English equivalent of 'odsak'

edited May 2014 in Random Issues
The greeting by which we call a priest, how is it said in English?



  • 'your reverence' 
  • Why complicate things? How about "Father"?
  • hehe....i am more of a translations guy....
  • I don't think childofaking is trying to complicate things. He/she is just asking for the translation of the arabic title for a priest. Maybe they want to write his name formally in a publication.

    His title would be Reverend Fr. ____ as Mina said. Just like we call the pope His Holiness Pope Tawadrous or a bishop His Grace Bishop ____.
  • Yes, but "odsak" is not a formal title, it is a greeting. "Hi Reverend John". Officially, every priest simply changes his name. (for example, pre-ordination name becomes "John the priest" or "John the Hegumen") Just like the Pope is officially called "Tawadros II, Pope and Patriarch". When we greet him or speak face to face, the greeting is informal and traditionally "Your reverence" or "Your Grace" or "Your Holiness". We can even use the greeting in the third person singular "His reverence John the Hegumen" (although this doesn't work in Arabic). In English, the traditional greeting has always been "Father John", not even "Our father John" like Arabic. This brings me back to my point to Mina. Some things are lost in translation or mean something different in the second language. Translations only get you so far. While in Arabic you can say "Salam ya odsak Abouna Yohanna" without any semantic ambiguity, in translated English it would be "Hi Your reverence our father John" (very awkward using both the second and third person singular tenses in the same sentence). It means nothing different than "Hi Fr. John". 
  • edited May 2014
    Ekhrestos anesty,
    His reverence John the hegumen does work in Arabic.
  • What's interesting is qodsak and qadasdak is practically the same word.
  • edited May 2014
    I was simply wondering because it came to mind while typing an email to a priest. It was more in the context of addressing him directly. It just didn't seem right saying "when do you think...". Rather, "when does your reverence think..." seems more respectful.

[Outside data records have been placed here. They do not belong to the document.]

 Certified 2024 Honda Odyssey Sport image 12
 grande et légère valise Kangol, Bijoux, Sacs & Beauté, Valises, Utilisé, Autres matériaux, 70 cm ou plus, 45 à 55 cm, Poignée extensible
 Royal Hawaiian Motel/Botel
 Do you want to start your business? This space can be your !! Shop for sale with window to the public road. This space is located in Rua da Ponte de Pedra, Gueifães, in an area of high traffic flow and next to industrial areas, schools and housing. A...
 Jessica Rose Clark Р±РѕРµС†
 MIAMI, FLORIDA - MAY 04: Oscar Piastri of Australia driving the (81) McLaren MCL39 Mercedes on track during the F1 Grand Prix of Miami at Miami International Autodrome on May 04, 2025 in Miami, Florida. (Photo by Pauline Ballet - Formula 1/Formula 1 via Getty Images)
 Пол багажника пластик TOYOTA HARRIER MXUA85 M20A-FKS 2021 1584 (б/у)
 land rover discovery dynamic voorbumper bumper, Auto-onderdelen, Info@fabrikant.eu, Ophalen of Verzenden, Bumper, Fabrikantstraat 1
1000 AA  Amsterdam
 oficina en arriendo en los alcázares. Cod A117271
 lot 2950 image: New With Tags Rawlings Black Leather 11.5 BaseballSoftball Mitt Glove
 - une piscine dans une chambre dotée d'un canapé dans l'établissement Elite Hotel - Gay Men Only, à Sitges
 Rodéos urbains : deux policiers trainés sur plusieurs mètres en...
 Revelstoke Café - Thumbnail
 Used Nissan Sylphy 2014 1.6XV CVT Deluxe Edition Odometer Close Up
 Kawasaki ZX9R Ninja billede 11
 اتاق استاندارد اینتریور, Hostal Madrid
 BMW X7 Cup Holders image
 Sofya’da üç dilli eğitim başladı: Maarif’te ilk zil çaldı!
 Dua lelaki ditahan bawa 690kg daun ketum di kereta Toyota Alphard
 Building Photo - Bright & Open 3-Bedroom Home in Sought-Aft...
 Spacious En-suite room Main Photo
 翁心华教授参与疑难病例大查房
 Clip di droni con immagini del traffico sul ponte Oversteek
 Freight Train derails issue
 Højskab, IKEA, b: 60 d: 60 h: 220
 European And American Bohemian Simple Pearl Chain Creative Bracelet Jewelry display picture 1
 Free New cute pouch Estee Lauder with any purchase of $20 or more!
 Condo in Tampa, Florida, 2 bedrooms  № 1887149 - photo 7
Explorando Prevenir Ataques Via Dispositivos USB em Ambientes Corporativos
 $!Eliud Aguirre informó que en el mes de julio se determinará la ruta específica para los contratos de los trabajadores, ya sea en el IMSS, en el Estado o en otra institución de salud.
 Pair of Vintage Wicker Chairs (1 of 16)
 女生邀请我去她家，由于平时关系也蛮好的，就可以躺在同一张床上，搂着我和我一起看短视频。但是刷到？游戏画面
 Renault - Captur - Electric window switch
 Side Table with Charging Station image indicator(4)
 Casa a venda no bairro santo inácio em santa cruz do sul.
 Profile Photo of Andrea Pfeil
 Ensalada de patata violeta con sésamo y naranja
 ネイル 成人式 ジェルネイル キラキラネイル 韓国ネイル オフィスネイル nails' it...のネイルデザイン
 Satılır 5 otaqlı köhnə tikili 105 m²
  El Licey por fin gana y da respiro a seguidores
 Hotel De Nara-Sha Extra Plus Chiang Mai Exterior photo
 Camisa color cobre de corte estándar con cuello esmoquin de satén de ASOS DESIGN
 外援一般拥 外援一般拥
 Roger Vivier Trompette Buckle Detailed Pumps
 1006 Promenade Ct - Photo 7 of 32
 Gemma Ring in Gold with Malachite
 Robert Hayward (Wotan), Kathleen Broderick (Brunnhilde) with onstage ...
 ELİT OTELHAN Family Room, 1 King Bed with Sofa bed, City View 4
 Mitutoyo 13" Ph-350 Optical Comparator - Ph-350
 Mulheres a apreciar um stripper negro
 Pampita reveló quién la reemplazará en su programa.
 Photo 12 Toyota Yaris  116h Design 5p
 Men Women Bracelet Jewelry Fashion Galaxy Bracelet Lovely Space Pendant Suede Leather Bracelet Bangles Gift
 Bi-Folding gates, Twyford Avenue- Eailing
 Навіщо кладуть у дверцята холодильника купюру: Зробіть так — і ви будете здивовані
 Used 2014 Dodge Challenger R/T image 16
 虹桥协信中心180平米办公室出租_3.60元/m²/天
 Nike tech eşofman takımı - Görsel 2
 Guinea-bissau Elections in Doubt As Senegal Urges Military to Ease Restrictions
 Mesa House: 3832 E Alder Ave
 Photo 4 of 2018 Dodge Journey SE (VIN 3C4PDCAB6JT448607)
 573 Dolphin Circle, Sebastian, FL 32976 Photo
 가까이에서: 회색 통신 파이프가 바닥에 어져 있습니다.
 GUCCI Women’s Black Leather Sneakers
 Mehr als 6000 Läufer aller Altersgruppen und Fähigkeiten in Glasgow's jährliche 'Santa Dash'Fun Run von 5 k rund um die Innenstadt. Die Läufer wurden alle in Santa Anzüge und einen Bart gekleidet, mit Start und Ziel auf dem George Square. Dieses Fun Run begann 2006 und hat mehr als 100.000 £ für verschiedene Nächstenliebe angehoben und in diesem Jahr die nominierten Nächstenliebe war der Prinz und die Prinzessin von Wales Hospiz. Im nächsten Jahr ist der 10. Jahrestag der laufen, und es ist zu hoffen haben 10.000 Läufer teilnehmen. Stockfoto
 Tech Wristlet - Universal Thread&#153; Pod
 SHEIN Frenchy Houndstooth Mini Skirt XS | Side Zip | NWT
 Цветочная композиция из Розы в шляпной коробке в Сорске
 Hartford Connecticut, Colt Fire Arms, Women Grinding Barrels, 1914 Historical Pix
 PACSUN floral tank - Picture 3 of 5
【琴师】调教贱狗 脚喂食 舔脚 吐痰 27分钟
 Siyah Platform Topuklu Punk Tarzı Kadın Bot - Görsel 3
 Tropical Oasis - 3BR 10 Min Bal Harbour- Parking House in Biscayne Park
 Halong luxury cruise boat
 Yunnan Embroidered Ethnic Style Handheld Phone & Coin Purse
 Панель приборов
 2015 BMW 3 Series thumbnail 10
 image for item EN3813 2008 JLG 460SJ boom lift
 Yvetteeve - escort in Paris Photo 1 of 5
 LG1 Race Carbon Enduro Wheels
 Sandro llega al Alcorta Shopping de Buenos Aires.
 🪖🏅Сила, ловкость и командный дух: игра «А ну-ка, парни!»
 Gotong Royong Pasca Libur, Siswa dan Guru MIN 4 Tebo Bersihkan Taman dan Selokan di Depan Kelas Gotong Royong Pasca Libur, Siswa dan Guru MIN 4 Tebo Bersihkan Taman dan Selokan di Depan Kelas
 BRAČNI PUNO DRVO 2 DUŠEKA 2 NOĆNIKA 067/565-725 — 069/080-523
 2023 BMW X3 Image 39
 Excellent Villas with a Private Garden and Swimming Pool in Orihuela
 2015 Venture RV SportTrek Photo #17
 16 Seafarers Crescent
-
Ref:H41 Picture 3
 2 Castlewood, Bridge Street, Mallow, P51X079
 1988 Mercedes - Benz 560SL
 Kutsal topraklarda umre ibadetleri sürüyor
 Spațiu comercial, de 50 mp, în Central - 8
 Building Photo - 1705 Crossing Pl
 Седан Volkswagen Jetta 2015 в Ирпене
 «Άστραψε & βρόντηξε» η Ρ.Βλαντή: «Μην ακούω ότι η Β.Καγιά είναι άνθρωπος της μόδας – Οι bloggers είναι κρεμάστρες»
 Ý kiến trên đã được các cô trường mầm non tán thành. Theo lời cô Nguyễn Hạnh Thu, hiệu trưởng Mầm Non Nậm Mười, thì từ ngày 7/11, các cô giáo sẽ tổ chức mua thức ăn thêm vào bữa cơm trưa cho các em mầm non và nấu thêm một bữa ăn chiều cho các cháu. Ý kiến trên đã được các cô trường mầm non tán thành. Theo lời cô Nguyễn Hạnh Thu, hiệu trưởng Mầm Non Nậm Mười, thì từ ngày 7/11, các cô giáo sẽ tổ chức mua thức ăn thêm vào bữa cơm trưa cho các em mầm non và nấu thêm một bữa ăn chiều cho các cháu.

    Not a big deal but thanks for your help guys.

    God bless.
  • @Remnkemi and ophadece, in arabic it would not be 'salam ya odsak abouna Yohanna' but it's 'salam ya ods abouna...' and i would translate that to 'hi reverent father yohanna'
  • @minatasgeel,
    I'm not arguing either what you're saying or what remenkimi is saying. I was correcting the Arabic mistakes remenkimi falls in without realising..
    Ekhrestos anesty
  • Childofaking,
    Why does it seem wrong to say, "What do you think" vs. "What does your reverence think"? There is nothing intrinsically disrespectful by simply saying "What do you think Fr". This is an example of how Arabic culture is applied artifically. We are trying to juxtapose some negative Arabic custom into English, where the English equivalent is not negative. 

    And as Minasoliman showed, even the Arabic word doesn't logically and semantically apply (ie, a priest is qodsak and the patriarch is qadasak) since the word is identical. 

    Have you ever heard or called a priest "salam odsaho Youhanna al komos"? Or have you ever spoke about a priest in the third person and used "odsaho"? It may be grammatically correct, but I have never heard anyone ever use it. Maybe someone else can confirm if this is a common phrase. If it is not common, or anyone heard it used, then it doesn't really work in Arabic. What works in Arabic is what Mina stated. It would be "ods", not "odsaho" or "odsahe"

    The same is true for the patriarch. Never heard "qadasataho albaba Tawadros". It is always "qadastak" or "qadasat". Maybe some other people can confirm "qadasataho" or "odsaho".
  • In English, "you" is actually the formal second person. The informal is "thee" or "thou", but they have fallen out of use. So, like @Remnkemi said, there is nothing wrong with saying, "What do you think?"
  • Ekhrestos anesty
    These are very common expressions in Arabic. You're just unlucky you haven't heard anyone say them..
  • Well, it is a matter of personal etiquette.  I'm sure priests don't mind the "you", but we as a culture have been so used to honorifics and formalities, and so, even I would address my priests as "Your Reverence" or "Odsak" (even though this isn't an accurate translation).

    When many Evangelical Protestants converted into Orthodoxy via the Antiochian Greek Orthodox Church, you'll see a lot of them adopt the Arabic word, "Sayedna".  So they would refer to "Sayedna Phillip" for instance (God repose his soul).

    It's just a matter of comfort.  Either way, Abouna won't think any less of you.  He likes being called "Abouna" though, because he does see you as his son.